TASK =>
Please write out exactly the lines from the one with "2PCS Ping Pong" through the end of the data below, both ends included, and omit any pictures.

DATASET CONTENT =>
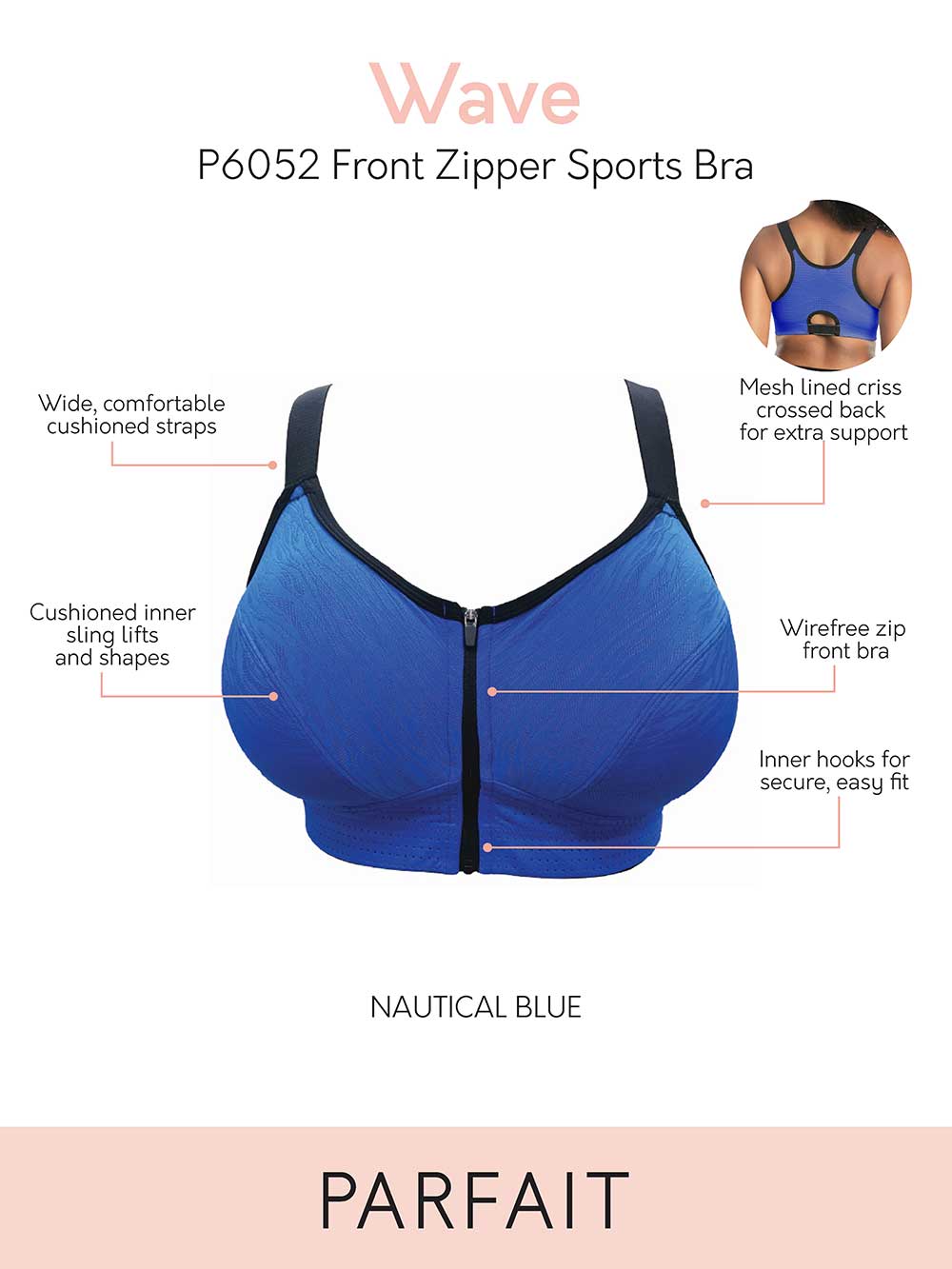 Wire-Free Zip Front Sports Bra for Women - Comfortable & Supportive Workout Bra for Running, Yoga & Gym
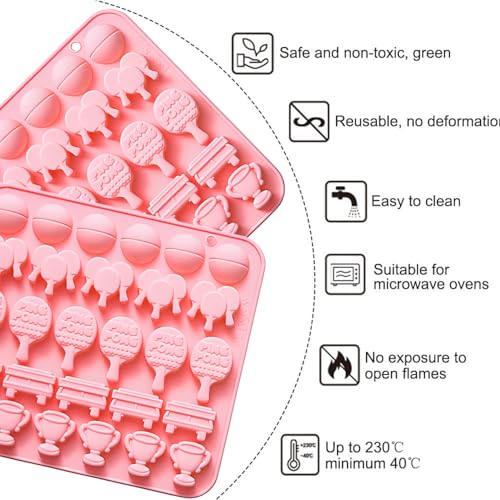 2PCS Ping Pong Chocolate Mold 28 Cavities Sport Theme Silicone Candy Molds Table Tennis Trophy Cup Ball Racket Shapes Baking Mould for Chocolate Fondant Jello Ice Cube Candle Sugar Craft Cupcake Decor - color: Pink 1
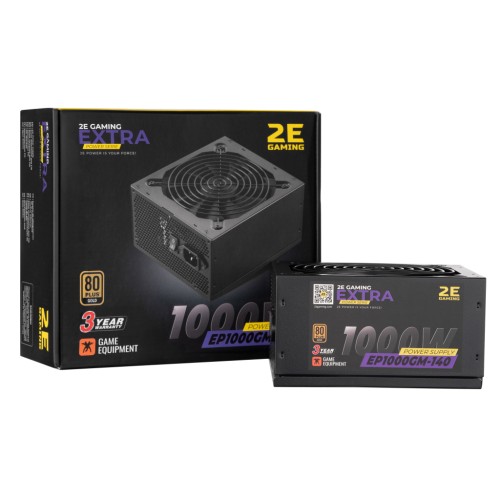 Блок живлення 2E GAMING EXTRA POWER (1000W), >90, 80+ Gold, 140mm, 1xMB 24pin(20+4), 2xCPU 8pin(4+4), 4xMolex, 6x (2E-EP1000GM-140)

TASK SOLUTION =>
 2PCS Ping Pong Chocolate Mold 28 Cavities Sport Theme Silicone Candy Molds Table Tennis Trophy Cup Ball Racket Shapes Baking Mould for Chocolate Fondant Jello Ice Cube Candle Sugar Craft Cupcake Decor - color: Pink 1
 Блок живлення 2E GAMING EXTRA POWER (1000W), >90, 80+ Gold, 140mm, 1xMB 24pin(20+4), 2xCPU 8pin(4+4), 4xMolex, 6x (2E-EP1000GM-140)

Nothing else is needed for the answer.